Od jednego z Czytelników otrzymałem zdjęcia pomnika, który ostatnio został wzniesiony w Truskawcu (powiat Drohobycz, województwo Lwów). Pomnik ten upamiętnia Dmytro Danyłyszyna i Wasyla Biłasa, członków OUN, którzy w tym mieście 29 sierpnia 1931 r. skrytobójczo zastrzelili posła Tadeusza Hołówkę, bliskiego współpracownika Józefa Piłsudskiego i zwolennika ugody z Ukraińcami, działacza BBWR i „ruchu prometejskiego”. Mordu dokonano w pensjonacie greckokatolickich sióstr zakonnych.

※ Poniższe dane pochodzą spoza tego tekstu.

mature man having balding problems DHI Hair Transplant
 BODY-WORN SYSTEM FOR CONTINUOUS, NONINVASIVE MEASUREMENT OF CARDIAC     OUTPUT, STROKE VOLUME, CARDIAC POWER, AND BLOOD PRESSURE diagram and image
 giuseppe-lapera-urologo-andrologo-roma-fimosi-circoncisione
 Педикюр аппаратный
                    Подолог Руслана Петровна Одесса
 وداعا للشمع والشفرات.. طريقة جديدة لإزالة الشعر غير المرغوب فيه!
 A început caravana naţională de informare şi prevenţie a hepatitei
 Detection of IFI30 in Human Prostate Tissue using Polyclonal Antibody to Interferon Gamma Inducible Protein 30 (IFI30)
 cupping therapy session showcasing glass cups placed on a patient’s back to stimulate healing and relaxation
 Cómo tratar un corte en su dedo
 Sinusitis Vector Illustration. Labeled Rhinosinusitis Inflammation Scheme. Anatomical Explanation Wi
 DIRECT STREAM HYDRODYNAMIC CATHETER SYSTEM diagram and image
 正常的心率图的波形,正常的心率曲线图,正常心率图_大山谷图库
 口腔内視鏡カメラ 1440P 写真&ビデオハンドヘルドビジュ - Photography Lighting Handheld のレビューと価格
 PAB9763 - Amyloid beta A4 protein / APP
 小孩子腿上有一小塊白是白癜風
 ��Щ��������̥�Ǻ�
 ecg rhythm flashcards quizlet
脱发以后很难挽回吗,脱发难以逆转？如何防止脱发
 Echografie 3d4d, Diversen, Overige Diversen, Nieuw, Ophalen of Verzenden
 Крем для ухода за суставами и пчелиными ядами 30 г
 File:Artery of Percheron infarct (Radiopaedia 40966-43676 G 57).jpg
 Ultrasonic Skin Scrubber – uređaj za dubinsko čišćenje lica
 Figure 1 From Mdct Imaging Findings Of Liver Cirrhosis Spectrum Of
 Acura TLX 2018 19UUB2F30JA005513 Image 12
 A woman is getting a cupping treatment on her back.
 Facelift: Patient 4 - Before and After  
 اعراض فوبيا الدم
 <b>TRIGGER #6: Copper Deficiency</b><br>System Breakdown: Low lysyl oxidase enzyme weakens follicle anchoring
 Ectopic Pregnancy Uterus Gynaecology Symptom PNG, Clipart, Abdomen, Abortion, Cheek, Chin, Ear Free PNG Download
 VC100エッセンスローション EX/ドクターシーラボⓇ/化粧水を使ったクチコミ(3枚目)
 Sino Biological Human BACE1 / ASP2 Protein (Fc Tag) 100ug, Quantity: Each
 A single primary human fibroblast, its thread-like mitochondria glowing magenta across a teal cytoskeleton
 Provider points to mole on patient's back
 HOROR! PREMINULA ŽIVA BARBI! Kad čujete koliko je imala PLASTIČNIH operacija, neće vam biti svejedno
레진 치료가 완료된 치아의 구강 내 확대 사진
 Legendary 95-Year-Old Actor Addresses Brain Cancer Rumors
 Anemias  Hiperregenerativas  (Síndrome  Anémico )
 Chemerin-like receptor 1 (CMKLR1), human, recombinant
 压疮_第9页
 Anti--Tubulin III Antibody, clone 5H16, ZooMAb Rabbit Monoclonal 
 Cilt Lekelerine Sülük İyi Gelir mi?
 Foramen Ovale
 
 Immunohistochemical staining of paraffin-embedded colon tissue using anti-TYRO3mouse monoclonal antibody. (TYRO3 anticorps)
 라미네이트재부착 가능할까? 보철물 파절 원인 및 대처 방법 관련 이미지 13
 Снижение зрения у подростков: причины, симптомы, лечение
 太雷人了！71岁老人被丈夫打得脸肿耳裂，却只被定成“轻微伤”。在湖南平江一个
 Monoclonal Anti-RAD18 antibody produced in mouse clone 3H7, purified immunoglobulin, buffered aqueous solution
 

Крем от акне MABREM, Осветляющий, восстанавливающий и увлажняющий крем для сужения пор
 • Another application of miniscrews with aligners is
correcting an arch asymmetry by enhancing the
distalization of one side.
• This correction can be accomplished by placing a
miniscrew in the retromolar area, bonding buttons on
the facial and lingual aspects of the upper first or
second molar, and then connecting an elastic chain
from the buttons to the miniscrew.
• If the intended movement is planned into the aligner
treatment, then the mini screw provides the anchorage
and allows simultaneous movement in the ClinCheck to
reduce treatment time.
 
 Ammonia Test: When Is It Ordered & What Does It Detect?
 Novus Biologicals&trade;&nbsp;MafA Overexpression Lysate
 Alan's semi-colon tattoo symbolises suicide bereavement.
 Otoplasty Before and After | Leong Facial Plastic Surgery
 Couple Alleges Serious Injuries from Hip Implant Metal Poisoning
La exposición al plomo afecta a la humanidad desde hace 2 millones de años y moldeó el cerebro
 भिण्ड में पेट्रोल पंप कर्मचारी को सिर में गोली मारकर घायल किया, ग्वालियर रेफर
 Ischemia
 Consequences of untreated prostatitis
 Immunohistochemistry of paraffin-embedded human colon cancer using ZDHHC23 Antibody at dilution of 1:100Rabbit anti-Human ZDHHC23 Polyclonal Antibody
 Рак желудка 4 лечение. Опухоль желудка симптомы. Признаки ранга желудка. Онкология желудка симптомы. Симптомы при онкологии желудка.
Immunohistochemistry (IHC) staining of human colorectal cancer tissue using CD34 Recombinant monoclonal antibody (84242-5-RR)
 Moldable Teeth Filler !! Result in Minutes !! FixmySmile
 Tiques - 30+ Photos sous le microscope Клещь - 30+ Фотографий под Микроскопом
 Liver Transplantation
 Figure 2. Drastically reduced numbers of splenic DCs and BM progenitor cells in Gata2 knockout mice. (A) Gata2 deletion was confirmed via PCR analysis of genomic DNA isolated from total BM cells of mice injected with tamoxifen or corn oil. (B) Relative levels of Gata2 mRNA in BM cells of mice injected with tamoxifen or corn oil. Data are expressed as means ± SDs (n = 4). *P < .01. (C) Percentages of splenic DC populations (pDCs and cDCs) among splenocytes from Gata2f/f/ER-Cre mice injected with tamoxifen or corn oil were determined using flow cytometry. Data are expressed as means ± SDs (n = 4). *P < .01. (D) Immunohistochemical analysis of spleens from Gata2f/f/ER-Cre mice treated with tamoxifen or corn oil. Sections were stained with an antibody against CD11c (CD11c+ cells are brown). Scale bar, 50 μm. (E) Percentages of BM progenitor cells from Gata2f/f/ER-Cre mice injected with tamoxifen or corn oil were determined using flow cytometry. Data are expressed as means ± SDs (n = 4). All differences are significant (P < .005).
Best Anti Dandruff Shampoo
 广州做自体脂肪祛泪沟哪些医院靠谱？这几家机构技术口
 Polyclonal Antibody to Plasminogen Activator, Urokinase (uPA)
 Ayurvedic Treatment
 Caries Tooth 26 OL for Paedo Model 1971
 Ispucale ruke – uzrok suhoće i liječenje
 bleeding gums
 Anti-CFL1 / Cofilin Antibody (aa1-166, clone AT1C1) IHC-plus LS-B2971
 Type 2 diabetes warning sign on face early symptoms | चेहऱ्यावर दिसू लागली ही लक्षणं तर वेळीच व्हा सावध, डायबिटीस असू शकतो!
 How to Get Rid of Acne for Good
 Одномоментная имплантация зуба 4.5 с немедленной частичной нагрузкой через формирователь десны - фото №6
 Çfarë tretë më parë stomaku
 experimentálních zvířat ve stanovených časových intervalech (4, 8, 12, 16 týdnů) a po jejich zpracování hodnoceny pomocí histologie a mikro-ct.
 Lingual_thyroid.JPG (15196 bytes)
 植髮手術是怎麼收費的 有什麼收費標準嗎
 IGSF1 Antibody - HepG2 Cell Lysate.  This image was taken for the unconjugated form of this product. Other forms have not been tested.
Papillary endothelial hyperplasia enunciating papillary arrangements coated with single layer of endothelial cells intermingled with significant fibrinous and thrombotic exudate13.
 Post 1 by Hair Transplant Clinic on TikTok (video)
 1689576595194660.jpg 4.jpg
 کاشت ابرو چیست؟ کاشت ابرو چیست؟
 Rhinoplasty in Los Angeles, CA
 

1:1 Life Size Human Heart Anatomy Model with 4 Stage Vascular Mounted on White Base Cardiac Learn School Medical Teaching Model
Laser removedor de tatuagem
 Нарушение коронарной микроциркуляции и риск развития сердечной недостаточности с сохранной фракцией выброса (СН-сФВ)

Policja polska po ponad roku, zupełnie przypadkowo zidentyfikowała i aresztowała owych morderców, co miało miejsce w czasie przesłuchania. w związku z ich napadem na pocztę w Gródku Jagielońskim. Obaj zostali osądzeni i skazani na karę śmierci. Wyrok wykonano we Lwowie w grudniu 1932 r.
Co na to marszałek Marek Kuchciński, który w czerwcu ubr. w tymże samym Truskawcu fraternizował się z Jurijem Szuchewuczem, synem zbrodniarza Romana Szuchewycza? Nie zauważył tego pomnika, czy zauważył i tradycyjnie już schował głowę w piasek? Jego wyborcy z Podkarpacia mają prawo znać odpowiedź na to pytanie.
Dodam, że ulica wspomnianych morderców, obok ulicy Bandery, jest także w Kałuszu.